This gives you the percentage of missing values in each of the columns. Knowing the percentage can be useful in determining whether you should drop the column.

The percentage is calculated using the mean

def perc_missing(df):
    '''prints out columns with missing values with its %'''
    for col in df.columns:
        pct = df[col].isna().mean() * 100
        if (pct != 0):
            print('{} => {}%'.format(col, round(pct, 2)))
    
perc_missing(airbnb)

name => 0.03%
host_name => 0.04%
last_review => 20.56%
reviews_per_month => 20.56%

Heatmap of missing values

Heatmaps are also useful to visualize your missing values, in particular at which point of the data do missing values exists.

Now that you know which columns have missing values, it’s time to deal with them.

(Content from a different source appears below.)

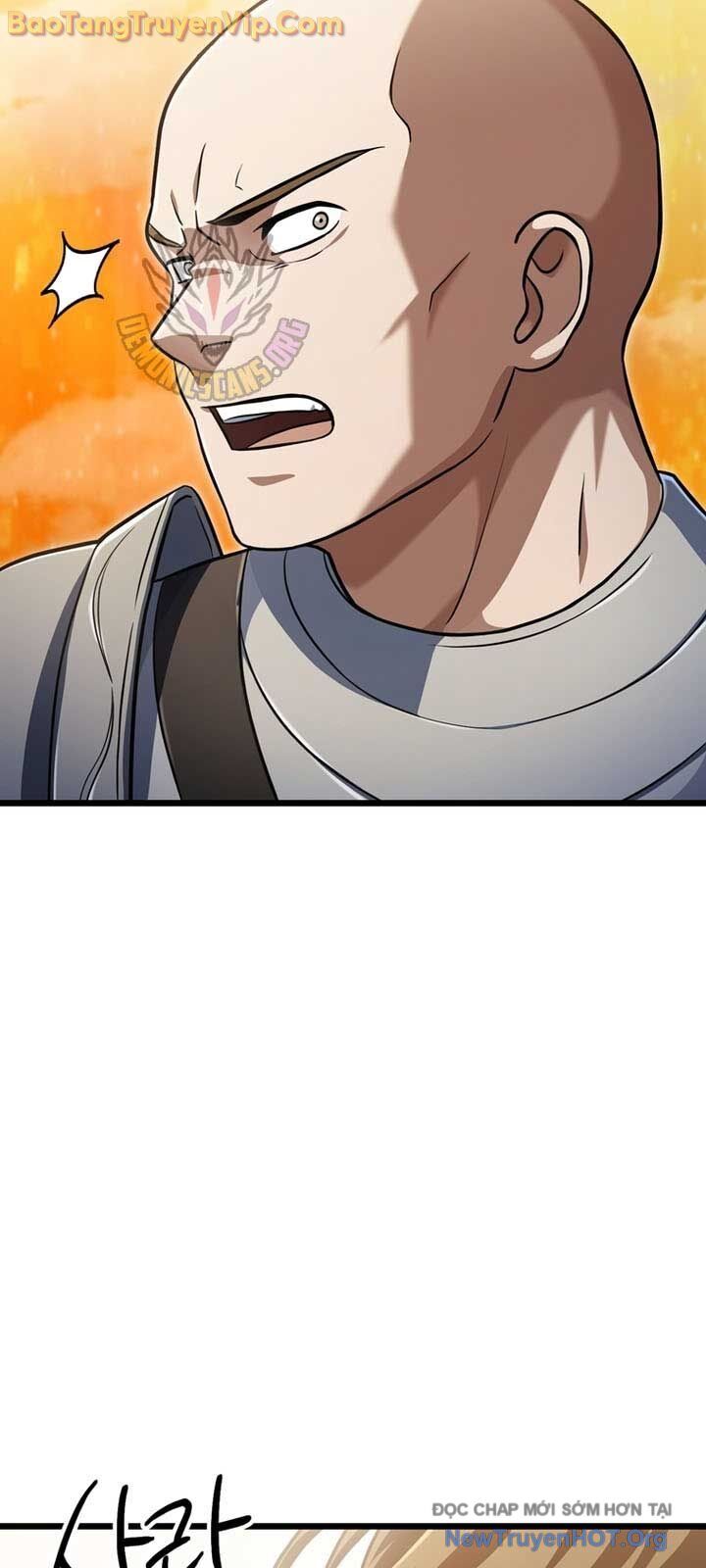 Người Chơi Không Thể Thăng Cấp Chap 193 - Next Chap 194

Technique to deal with missing values

The common techniques I will be sharing are:

1. Drop the feature
2. Drop the row
3. Impute the missing value
4. Replace it

Dropping feature

Dropping feature usually isn’t recommended because you’re losing information. But if you’re sure that the column isn’t important, or simply has too many missing values, you can choose to drop them. For example, for this dataset, the host_name column was removed for ethical reasons, and id was removed because it was was unnecessary.

To drop features, use drop and set axis to 1 and inplace to true. Axis is 1 because we want to drop columns (0 means row), and inplace is True because you’re transforming it directly on your dataset.

# Drop unnecessary columns that are not important
colsToDrop = ['id','host_name','last_review']

airbnb.drop(colsToDrop, axis=1, inplace=True)

missing_cols(airbnb)

name => 16
reviews_per_month => 10052

Dropping the row

If you want to remove rows, you do so using dropna . I’m not going to do that because there are no missing values in price.

# remove rows with missing values in price
airbnb['price'].dropna(inplace=True)

Imputing

For imputing, there are 3 main techniques shown below.

fillna — filling in null values based on given value (mean, median, mode, or specified value)
bfill / ffill — stands for backward fill and forward fill (filling in missing values based on the value after or before the column.)
Simple Imputer — Sk-learn’s built-in function that imputes missing values (commonly used alongside a pipeline when building ML models)

Below you can find examples of applying these methods to the price column if it had missing values.

# imputing price with mean
price_mean_value = round(airbnb['price'].mean(), 2)
airbnb['price'].fillna(price_mean_value, inplace=True)

# imputing price with median
price_median_value = round(airbnb['price'].median(), 2)
airbnb['price'].fillna(price_median_value, inplace=True)

# imputing with bfill or ffill
airbnb['price'].bfill(inplace=True)
airbnb['price'].ffill(inplace=True)

# imputing with SimpleImputor from the sklearn library
from sklearn.impute import SimpleImputer
# define the imputer
imr = SimpleImputer(missing_values=np.nan, strategy='mean') # or median

airbnb[['price']] = imr.fit_transform(airbnb[['price']])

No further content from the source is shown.